Part 2: This was really messed up. My first though was that this Christmas tree is full page. So I checked for the symmetry of the whole map. Nothing... So I was lost. The task had no clues or anything. I went on Reddit and saw some post about statistics. I did not read more into but got some ideas. I calculated the distributions of the robots after x seconds on the map in grid. I first did a grid of squares of size 10x10 which was 100 squares in the grid. The calculated the average and distribution and checked for at least 1/2 squares to be outside the 3*StandardDeveation. Found nothing for 100_000 Seconds. So I changed the square size to 20x20 and voilà, I found the beautiful tree! Took me an extra 90 minutes though haha
Part 1: I basically got the Idea on how to do it right away and solved it withing 30 minutes. Had practically no error but some typos or just little mistakes
Part 2: For this I also got the idea right away. Still took some time to code up and code some little silly mistakes like not including the last entry in an array and stuff. But the idea worked out right away after getting the little bugs working. For both parts in total it took me like 2 hours and 15 minutes. Was also my first time doing pointers in Go, so that also took some time away to google and try out in the Go Playground. This was a nice puzzle!

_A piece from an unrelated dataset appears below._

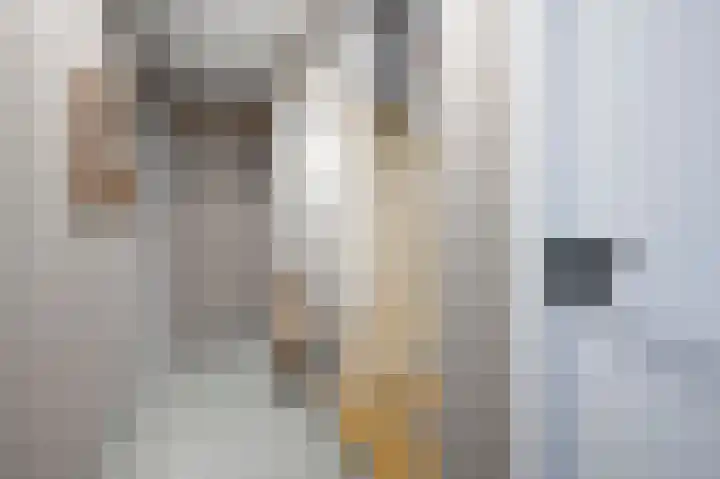 Cruyshoevelaan 6 Laag-Soeren thumbnail 4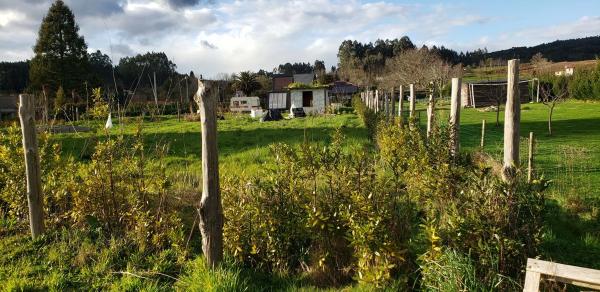 Terreno en Lugar Casal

Part 1: It was pretty easy. Go it working really quickly
Part 2: This was difficult. I made the crucial mistake to turn and to go in the same step. So I was not able to compare the values with each other. This took me probably like 10 hours or so. Really stupid. This was again a perfect example of simple but not easy. But I did it without googling or using any other libraries.
Part 1: The first part was really easy. I already built a whole computer class because I thought the second part building upon it. I got it first try and quickly moved on to the second part.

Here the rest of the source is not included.